Ingird St-Pierre, Petit Plage« Je me suis donné le droit d’aller là où je n’étais jamais allée », dit Ingrid St-Pierre, solide. Ancrée dans le présent et le cœur partout où les émotions vivent encore, elle est parée à livrer son quatrième album en carrière, un recueil d’histoires humaines teintées d’un groove qu’on ne lui connaissait pas et qu’elle porte comme un vêtement taillé sur mesure.

« J’ai l’impression que beaucoup de choses ont changé artistiquement et humainement, j’ai eu une bonne prise de conscience par rapport à beaucoup de choses dans ma vie. Je suis plus libre et ça parait dans les arrangements et dans les textes », affirme-t-elle sans broncher. Si on sent sa voix plus « groundée », c’est qu’elle est « plus groundée dans la vie », croit-elle.

Ses grandes références artistiques demeurent des exemples d’univers apaisants et oniriques comme ceux de Sufjan Stevens et Bon Iver, mais le champ stylistique est grand et il faut parfois s’égarer pour mieux rentrer ensuite. « J’aime la grande liberté de Regina Spektor, par exemple, affirme l’auteure-compositrice. Même si c’est une fille au piano comme moi et qu’elle fait souvent des balades, elle opte pour d’autres tempos sans que ce soit dénaturé. C’est là que j’ai décidé d’aller. »

L’album n’a pas été conçu dans l’urgence de faire un album, mais plus parce qu’il y avait des choses à dire. « Les histoires sont plus importantes que les chansons », dit Ingrid en soutenant qu’elle était certaine qu’il n’y en aurait pas, d’album. J’ai tellement douté beaucoup », se souvient-elle.

Le camp d’écriture Kenekt Québec de la SOCAN fait partie des déclencheurs importants qui ont contribué à l’écriture de cet album. « Le côté très minutieux et peaufiné est toujours présent, mais la liberté d’écrire sans barrière, sans restriction et sans crainte; c’est devenu encore plus important là-bas. J’ai aussi réalisé que les seules barrières artistiques que j’avais étaient celles que je me donnais par souci de me perdre, ou de déroger de ce que les gens attendent de moi. »

C’est une autre technique d’écriture qui s’est emparée d’elle ensuite. « J’avais l’impression que les chansons existaient toutes déjà, qu’il ne suffisait que de les laisser émerger, mentionne l’artiste. C’est aussi un album que j’ai écrit dans ma tête », assure-t-elle. Et comment écrit-on sans écrire? « En devenant maman, je ne pouvais plus me vautrer devant ma page blanche dans des cafés. J’ai puisé l’inspiration partout dans mon quotidien, j’ai écrit en accouchant, lance-t-elle en riant. Mais à partir du moment où je m’assoyais au piano, tout sortait tout seul. »

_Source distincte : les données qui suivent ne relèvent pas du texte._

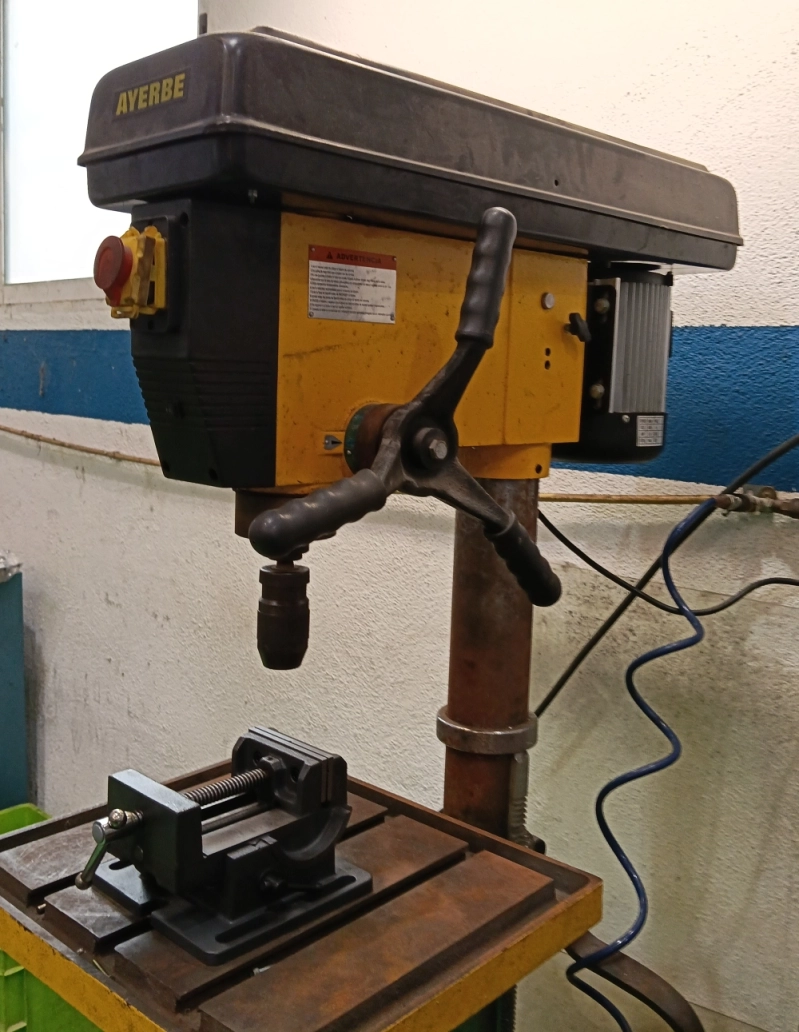 Taller - Matricería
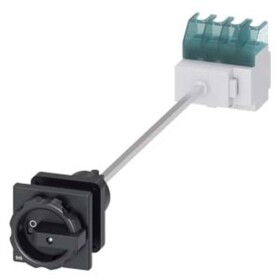 černá 4pólový 16 mm² 32 A 690 V/AC Siemens 3LD22441TL51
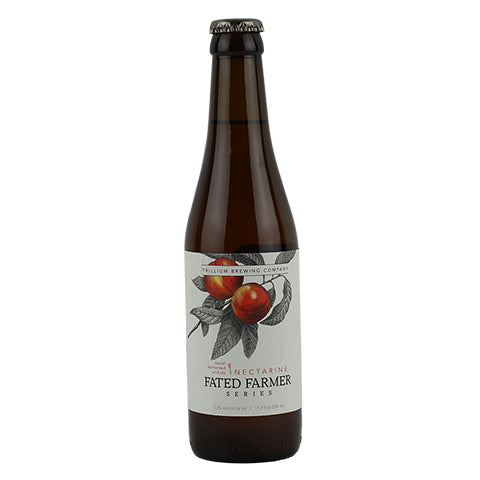 Trillium Fated Farmer: Nectarine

Ingrid St-Pierre avoue s’être mis beaucoup de pression dans le passé « Personne ne me demandait d’être une mère parfaite, une artiste parfaite. Mais ça venait de moi. Et en écrivant mes chansons, je me demandais “Est-ce qu’on a vraiment besoin d’une chanson de plus dans l’univers musical? Pourquoi je vais rajouter une toune de plus?” Au bout du compte, chaque chanson de cet album est faite dans un but totalement égoïste. » Les deux dernières années lui ont aussi appris à se choisir et à faire ce qu’elle peut. « Mon fils ne dort jamais. Ça fait deux ans que je n’ai pas dormi », souffle-t-elle en riant.

La chanson La lumineuse (lettre à mon fils) vient rejoindre les rangs des grandes chansons de l’auteure-compositrice, celles qui mouillent les yeux même après plusieurs écoutes. « Je l’ai écrite pour mon fils, oui, mais un peu pour moi. C’est une chanson maternelle, mais une chanson de bienveillance. Comme quoi on peut se souhaiter des belles affaires à soi également. Petite plage, c’est vraiment ça. Je me suis prise dans mes bras. »

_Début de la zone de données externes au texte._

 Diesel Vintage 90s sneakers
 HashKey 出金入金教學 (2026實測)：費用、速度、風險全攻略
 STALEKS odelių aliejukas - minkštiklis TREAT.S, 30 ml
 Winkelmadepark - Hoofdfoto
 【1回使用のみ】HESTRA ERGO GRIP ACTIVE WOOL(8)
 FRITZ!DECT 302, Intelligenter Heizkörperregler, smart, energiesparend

Au fil de la conversation, je confie à Ingrid que 63 rue Leman, une pièce de son album Tokyo (2015) a accompagné avec émotion un moment familial particulier, le jour où mes grands-parents se sont départis de leur maison. Cette chanson s’écoute comme un film. On peut presque voir et toucher les murs et le papier peint. Les élans d’écriture d’Ingrid sont à ce point précis. « Ça me touche tellement quand on me dit ça. Quand je fais une chanson en spectacle, dans ma tête, je pèse sur play et le film commence, je vois les mêmes images. Chaque chanson est un lieu, une maison que je vais constamment habiter. »

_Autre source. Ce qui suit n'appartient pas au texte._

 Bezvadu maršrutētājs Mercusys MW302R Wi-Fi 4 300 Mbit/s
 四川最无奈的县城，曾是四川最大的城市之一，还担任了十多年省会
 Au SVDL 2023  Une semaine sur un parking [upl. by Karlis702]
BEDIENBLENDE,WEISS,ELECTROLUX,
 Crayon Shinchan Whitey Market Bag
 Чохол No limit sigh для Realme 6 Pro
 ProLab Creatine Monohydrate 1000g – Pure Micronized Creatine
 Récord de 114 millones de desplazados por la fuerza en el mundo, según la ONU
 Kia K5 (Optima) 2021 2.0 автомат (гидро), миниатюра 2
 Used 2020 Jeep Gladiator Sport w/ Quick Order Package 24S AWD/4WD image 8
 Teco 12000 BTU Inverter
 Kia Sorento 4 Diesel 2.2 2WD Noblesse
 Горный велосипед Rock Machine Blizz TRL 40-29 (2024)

Rencontrez les gens, ça survient après les spectacles avec des petites histoires touchantes, mais Ingrid St-Pierre croit qu’il est important de provoquer la communion entre les générations, les rencontres.

« Quand mon ami Khoa Lê m’a dit ”je m’en vais au Vietnam et je vais prendre des images pour ton clip” (Les joaillers), je lui ai tout de suite dit ”Si tu vas au Vietnam, j’y vais”. Le clip n’est pas stagé, c’est vraiment un endroit où les gens se rendent pour danser à 4h du matin. Je me suis mêlée à eux, simplement. »

Petite plage se dresse comme une lumière d’hiver, un réverbère qui ne s’éteint même pas quand le jour se lève. « C’est un album positif et je veux qu’on s’en imprègne. C’est tellement facile de s’imprégner des choses négatives, mais avec le beau, c’est plus tough », dit Ingrid. On va travailler là-dessus.